Tom Schachtman: Decade of Shocks: Dallas to Watergate, 1963-1974; Poseidon Press; New York.
Allen J. Matusow: The Unraveling of America: A History of Liberalism in the 1960’s; Harper & Row; New York.
Pity the lot of the American radical of recent vintage. Never does the opportunity arise for him to spill his blood on the barricades and to die with the words vive la liberte (or whatever one says in English) on his lips. Uncooperative authorities refuse to drag him before a firing squad or even to immure him in a dank prison. He longs for a Dostoevskian world of steely-eyed inquisitors and brutal repression but finds instead, to his chagrin and embarrassment, that in America he suffers no ill consequences, bears no distinguishing marks of persecution, labors under no disabilities. Sometimes, as with Robert Lowell and Dwight MacDonald in the opera bouffe march on the Pentagon of 1967, he cannot even manage to get himself arrested. The radical races an exquisite rate: after hurling his (usually metaphorical) bombs into the crowded streets and growing bored with playing at revolution, he can retire from the field to enjoy with impunity the perquisites and privileges of the society he despises. How true the mordant quip of the 1960’s: Scratch a radical and find a Porsche owner! In America old radicals do not fade away — they become lawyers, journalists, government bureaucrats, professors, and, in the most piquant irony of all, highly successful Wall Street brokers.
Although yesterday’s hippies, yippies, and assorted protesters of every hue and color live prosperously and contentedly these days, they pine for the brio and zest that gave a razor’s edge to their lives in the 1960’s. For Thom Schachtman, author of Decade of Shocks, “it was the time in our lives when we felt the most alive. We had a cause, its name was freedom, and to fight in its service with like-minded comrades was ennobling and all-consuming; we knew the passion of life.” The demands and burdens of marriage, children, and career prevent these aging freedom fighters from reenacting the battles of their youth, but they can at least invest the 60’s with enough myth and legend to fill their reveries for the rest of their days. They will never completely recover from the virus they contracted 20 years ago; to quote Mr. Schachtman again, “The time remains a touchstone, a benchmark to which we compare all our later experiences and sensations.”
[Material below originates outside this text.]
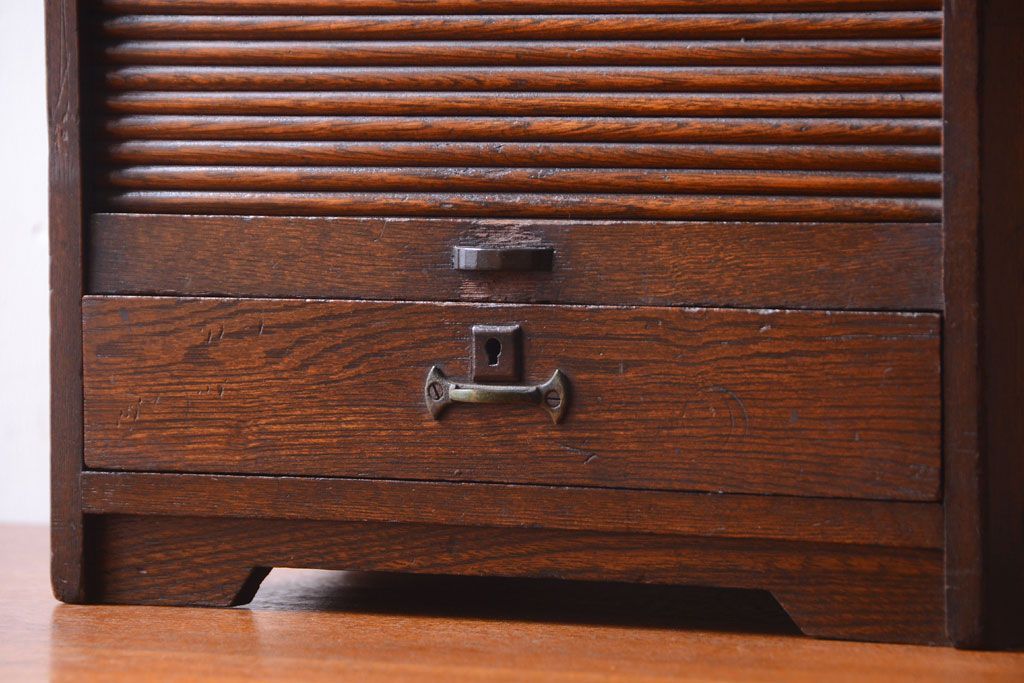 アンティーク家具　和製アンティーク　ナラ材製!シャッター付きの上質な古い小引き出し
The left never tires of mocking conservatives for clinging to the gossamer glories of a past that never existed. To the contrary, the conservative loves the past for its quotidian reality, its concreteness and palpability, its practical wisdom that arises out of the experiences of countless men and women who have loved and hated, sorrowed and rejoiced, lived and died. The conservative needs no mythic or legendary past to sustain him, but his antagonists do; for all their prattle about the future, leftists prefer to escape the frustrations of the present by retreating imaginatively into a golden age of the past In the 1920’s beleaguered radicals cherished memories of those intoxicating days before World War I when Max Eastman, John Reed, Randolph Bourne, The Masses and the swirling excitement of Greenwich Village had seemed to herald the onset of an age of sexual liberation, cultural experimentation, and political innovation. Radicals of the 1950’s warded off the malaise induced by McCarthyism by recalling (with a wistful smile of half-remembered sin) the hope and ebullience of the 1930’s, an era that had promised the creation of a new man fit to inherit the secular. New Jerusalem that was fast abuilding. The 1960’s have now supplanted these earlier times as the favorite repository of leftist myth and legend; the decade is the new golden age, a time of idealism and good deeds that saw blacks freed, poverty rediscovered, women awakened, sexual inhibitions cast off, a war machine foiled, and an evil president toppled.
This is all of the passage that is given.